W3 Transformative Manufacturing Technologies Flashcards
Transformative processes
Transformative processes are those that involve changing the shape of materials without removal
or additions. Some of the main processes categorised as Transformative are metal casting, metal
forging, metal rolling, metal extrusion and plastic manufacturing techniques.
Metal casting
Casting involves pouring molten metal into a mould cavity; allowing it to solidify; and, removing
the part from the mould. This manufacturing process produces intricate shapes in one piece with
internal cavities.
Advantages and disadvantages of using casting technologies
Advantages of casting
* Complex shapes with internal cavities
* Economically competitive
* (Near) Net-shape process
* Scalable
Disadvantages?
* High energy requirements
* Inhomogeneous material properties
* Costly lead times
* Postprocessing often required
Solution for ensuring adequate flow
Successful casting requires proper mould design to ensure adequate fluid flow in the system. The
typical solution for ensuring adequate flow is the use of riser-gated casting where risers serve as
reservoirs and supply molten metal as the casting shrinks during solidification.
Casting technologies
The basic types of casting can be categorized as expendable or permanent mould, depending on
whether the mould is destroyed at the end of the process. Similarly, an expendable or a permanent
pattern might be used to create the necessary moulds.
Expandable mould technologies
- Sand casting; Shell mould; Evaporative pattern (lost-foam) casting; Investment casting (lostwax)
Permanent mould technologies
- Permanent mould casting; Die casting; Centrifugal casting
True Stress and True Strain
True stress is defined as the ratio of the load, P, to the actual or instantaneous crosssectional area, A, of the specimen. Remember than in the definition of engineering stress,
the initial cross-sectional area, A0, is used instead. For small values of strain, engineering and
true strain are similar, but they diverge as deformation increases.
Elastic vs Plastic deformation
Metals deform when a load is applied to them. Elastic deformation disappears when the load is
removed. Plastic deformation takes place past the elastic range and is permanent. There is no
universal model to predict yielding of metals but the Tresca and Von Mises criteria are often used.
Other than the state of stress, flow of metal during yielding also depends on temperature and strain
rate.
Metal Forging
Forging is a basic process in which the workpiece is shaped by compressive forces applied through
various dies and tooling.Forged parts now include large rotors for turbines;
gears; bolts and rivets; cutlery; hand tools; numerous structural components for machinery, aircraft,
and railroads; and a variety of other transportation equipment.
Forging advantages
Because the metal flow in a die and
the material’s grain structure can be controlled, forged parts have good strength and toughness, and
are very reliable for highly stressed and critical applications
Forging equipment
Simple forging operations can be performed with a heavy hammer and an anvil, as has been done
traditionally by blacksmiths. However, most forgings require a set of dies and such equipment as a
press or a powered forging hammer. Forging may be carried out at room temperature (cold forging)

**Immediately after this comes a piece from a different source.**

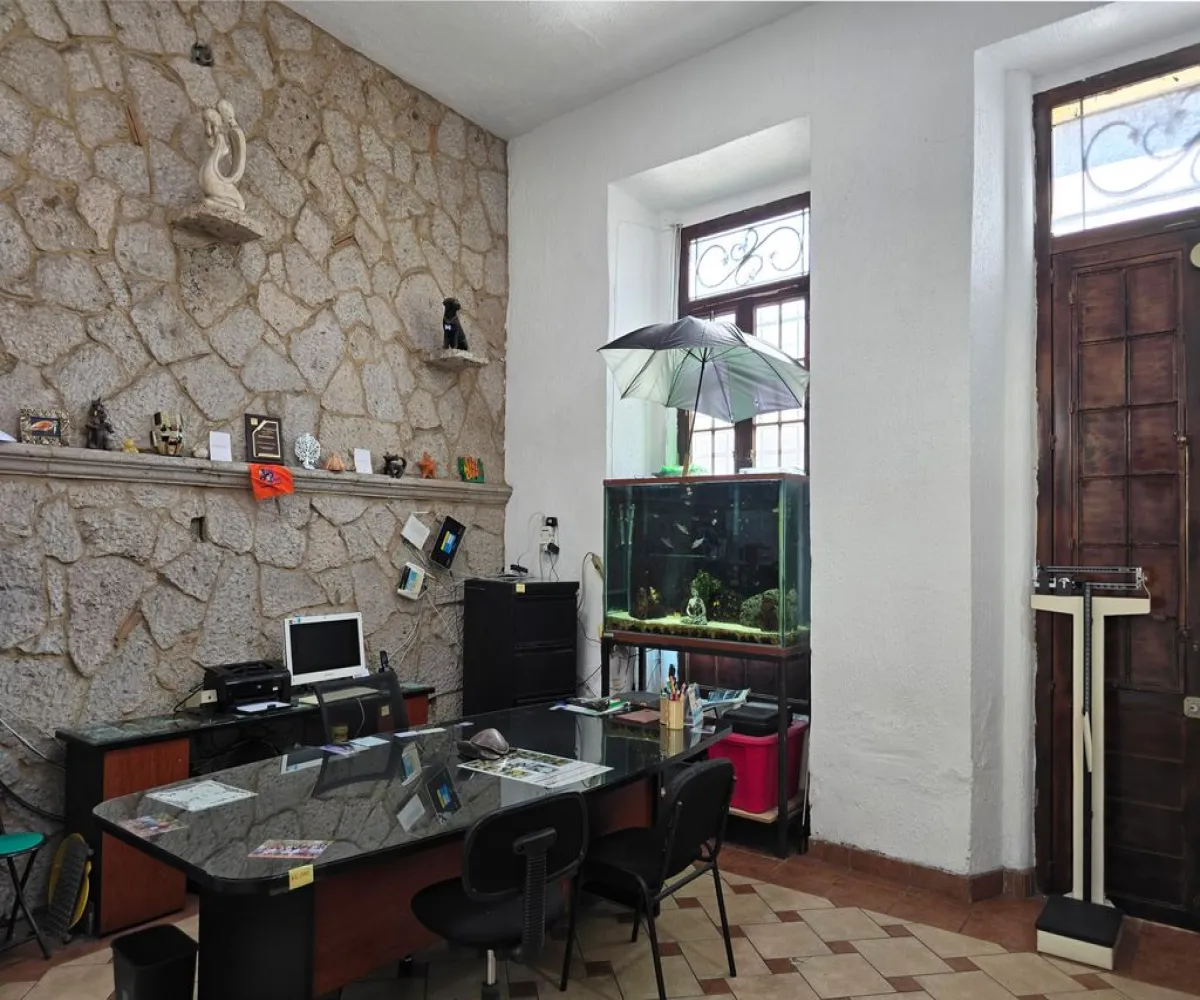 Casa En Renta,Centro,Calle Hospital 768, Guadalajara, Jalisco 44100,Calle Hospital,1,pkE2sSD Casa En Renta,Centro,Calle Hospital 768, Guadalajara, Jalisco 44100,Calle Hospital,1,pkE2sSD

or at elevated temperatures (warm or hot forging).
Cold vs hot forging
Cold forging requires higher forces (because of
the higher strength of the workpiece material), and the workpiece material must possess sufficient
ductility at room temperature to undergo the necessary deformation without cracking. Cold-forged
parts have a good surface finish and dimensional accuracy. Hot forging requires lower forces, but the
dimensional accuracy and surface finish of the parts are not as good as in cold forging
Post forging
Forgings generally are subjected to additional finishing operations, such as heat treating to
modify properties and machining to obtain accurate final dimensions and a good surface finish.
These finishing operations can be minimized by precision forging, which is an important example of
net-shape or near-net-shape forming processes.
Open-die Forging
Open-die forging is the simplest forging operation. Although most open-die forgings generally weigh
15 to 500 kg, forgings as heavy as 275 metric tons have been made. Part sizes may range from very
small (the size of nails, pins, and bolts) to very large (up to 23 m, long shafts for ship propellers).
Open-die forging can be depicted by a solid workpiece placed between two flat dies and reduced in
height by compressing it; a process that is also called upsetting or flat- die forging. The die surfaces
also may have shallow cavities or incorporate features to produce relatively simple forgings.